* DATA EXTRACT *
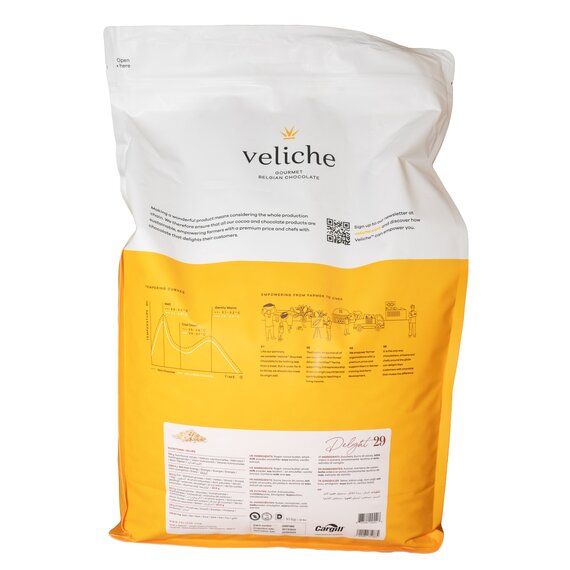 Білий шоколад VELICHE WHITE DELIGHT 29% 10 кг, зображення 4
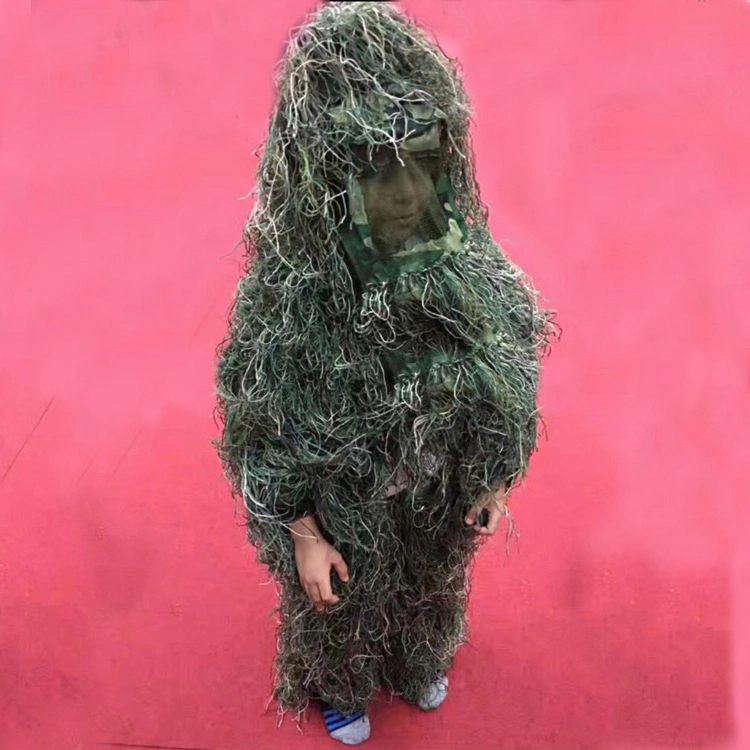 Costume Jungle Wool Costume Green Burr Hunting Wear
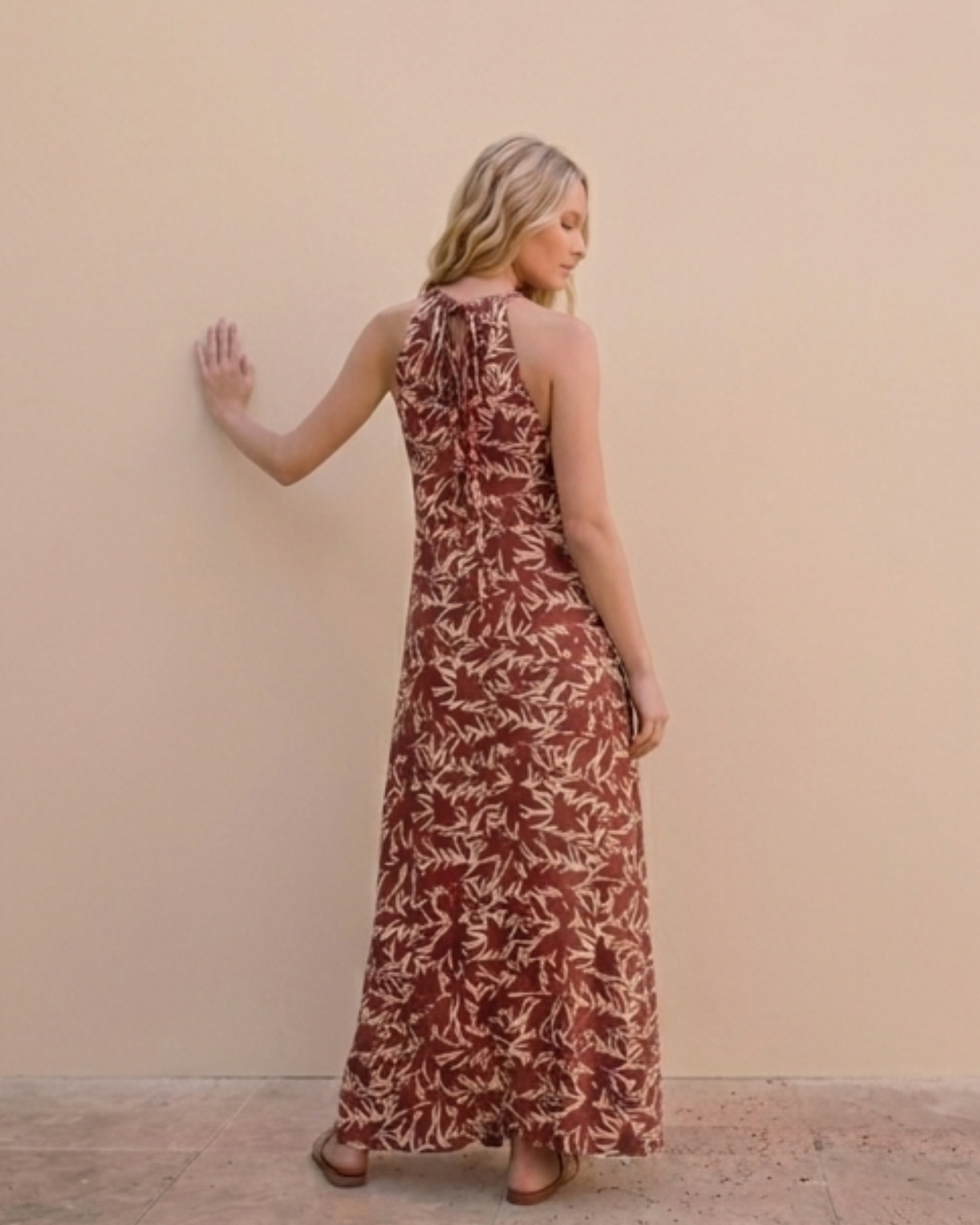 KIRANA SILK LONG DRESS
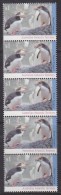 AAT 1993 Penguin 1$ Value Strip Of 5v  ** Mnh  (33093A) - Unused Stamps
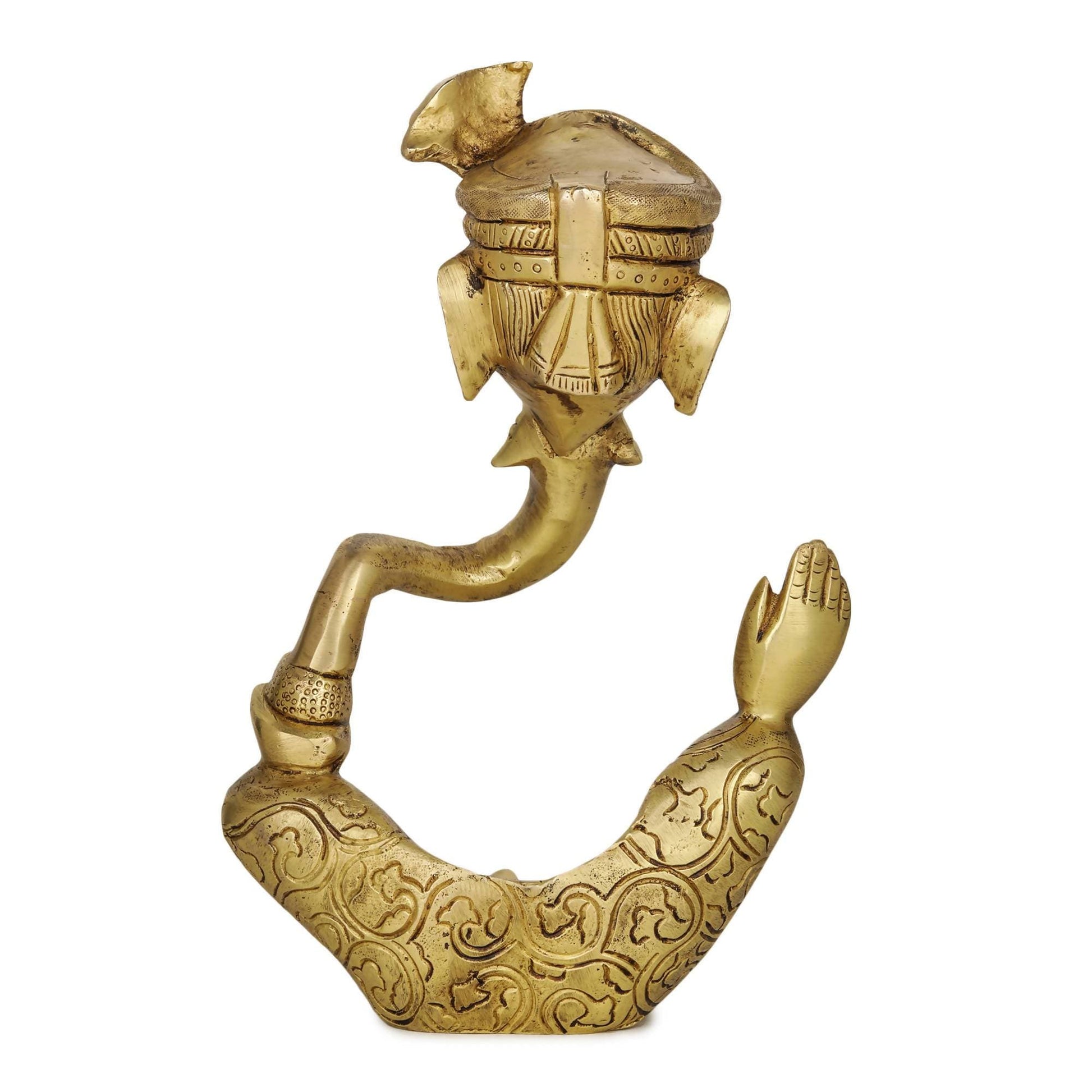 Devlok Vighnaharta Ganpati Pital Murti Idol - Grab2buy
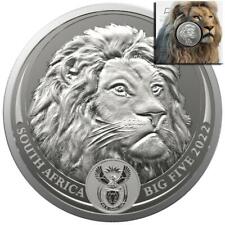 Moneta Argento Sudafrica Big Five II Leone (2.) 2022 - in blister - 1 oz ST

...

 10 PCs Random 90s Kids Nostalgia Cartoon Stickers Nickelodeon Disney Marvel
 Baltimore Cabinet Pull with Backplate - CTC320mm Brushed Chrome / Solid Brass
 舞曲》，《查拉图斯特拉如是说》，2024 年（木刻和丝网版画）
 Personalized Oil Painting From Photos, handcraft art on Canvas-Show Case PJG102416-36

* PROBLEM STATEMENT *
Each line above that falls between the line with "Білий шоколад VELICHE" and the line with "Moneta Argento Sudafrica" should be printed exactly, together with those two lines, but the pictures should not.

* WRITTEN ANSWER *
 Білий шоколад VELICHE WHITE DELIGHT 29% 10 кг, зображення 4
 Costume Jungle Wool Costume Green Burr Hunting Wear
 KIRANA SILK LONG DRESS
 AAT 1993 Penguin 1$ Value Strip Of 5v  ** Mnh  (33093A) - Unused Stamps
 Devlok Vighnaharta Ganpati Pital Murti Idol - Grab2buy
 Moneta Argento Sudafrica Big Five II Leone (2.) 2022 - in blister - 1 oz ST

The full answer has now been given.